Affinity labeling of serine proteases for simultaneous detection of multiple serine protease activity levels
Abstract
The invention provides assay methods and reagents useful for evaluating the level of enzyme activities within living cells. Enzyme activity levels within living cells, such as Serine proteases, can be key determinates in assessing; 1) the presence of tumor (cancer) cells, 2) the predictive efficacy of a chemotherapeutic treatment regimen using a particular therapeutic agent or process, 4) the probability of graft rejection or acceptance, and 5) the disease state status of a cell. The identification of the up or down regulation relationships of serine proteases within living cell systems, provides a rapid, yet finely tuned mechanism for predicting the current and future physiological state of these cell populations.
Claims
exact text as granted — not AI-modified1 . A method for determining multiple serine protease activity levels within one or more viable whole cells, comprising: 1) contacting the cells with at least two serine protease affinity labeling agent; and 2) detecting the presence of each affinity labeling agent in the cells; wherein the presence and abundance of each serine protease affinity labeling agent correlates with the serine protease composition activity of a separate serine protease within the cells.
2 . The method of claim 1 wherein the cells are permeablized prior to contact with the agents.
3 . The method of claim 1 wherein the presence of the first serine protease affinity label is detected concurrently with the detection of the presence of the second serine protease affinity label.
4 . The method of claim 1 wherein the presence of the first serine protease affinity labeling agent is detected before or after the detection of the presence of the second serine protease affinity label.
5 . The method of claim 1 wherein contacting the cells with the first serine protease affinity labeling agent is carried out concurrently with contacting the cells with the second serine protease affinity labeling agent.

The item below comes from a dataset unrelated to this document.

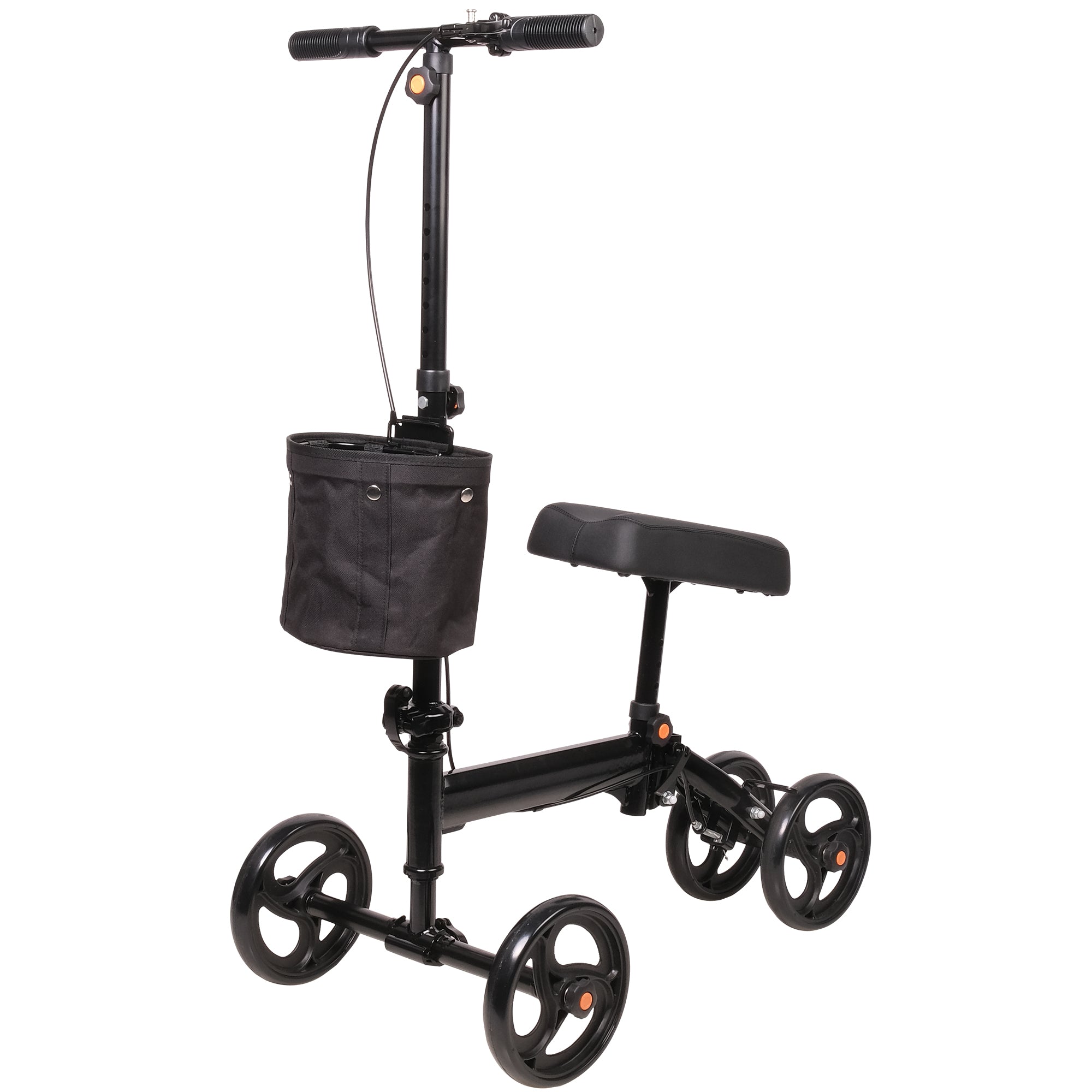 Luckyermore Foldable Knee Walker Adjustable Steerable Knee Scooter Suitable with Foot/Ankle Injuries, Black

6 . The method of claim 1 wherein at least one serine protease affinity labeling agent is a compound of formula I:
L-A-X—NH—CH(R′)C(═O)CH 2 Cl (I)
wherein:
L is a detectable group;
A is a direct bond or a linker;
X is absent, an amino acid, or a peptide;
R′ is hydrogen or (C 1 -C 6 )alkyl, wherein the alkyl is optionally substituted with one or more, (1, 2, 3, or 4) substituents independently selected from the group consisting of guanidino, —C(═O)NR a R b , —C(═O)OR c , halo, —NR a R b , aryl, heteroaryl, —OR c , or —SR c ;
each R a and R b is independently hydrogen, (C 1 -C 6 )alkyl, phenyl, benzyl, or phenethyl; or R a and R b together with the nitrogen to which they are attached form a pyrrolidino, morpholino, or thiomorpholino ring; and
each R c is independently hydrogen, (C 1 -C 6 )alkyl, phenyl, benzyl, or phenethyl;
wherein any aryl or heteroaryl is optionally substituted with one or more (e.g. 1, 2, 3, or 4) substituents independently, selected from the group consisting of halo, nitro, cyano, hydroxy, mercapto, (C 1 -C 6 )alkyl, (C 1 -C 6 )alkoxy, trifluoromethyl, or trifluoromethoxy;
or a salt thereof.
7 . The method of claim 1 wherein at lease one serine protease affinity labeling agent is 5(6)-carboxyfluoresceinyl-L-phenylalanylchloromethyl ketone, 5(6)-carboxyfluoresceinyl-L-leucylchloromethyl ketone, α-5(6)-carboxyfluoresceinyl-L-lysylchloromethyl ketone, 5(6)-carboxyfluoresceinyl-L-arginylchloromethyl ketone, sulforhodaminyl-L-phenylalanylchloromethyl ketone, sulforhodaminyl-L-leucylchloromethyl ketone, α-sulforhodaminyl-L-lysylchloromethyl ketone, or sulforhodaminyl-L-arginylchloromethyl ketone; or a salt thereof.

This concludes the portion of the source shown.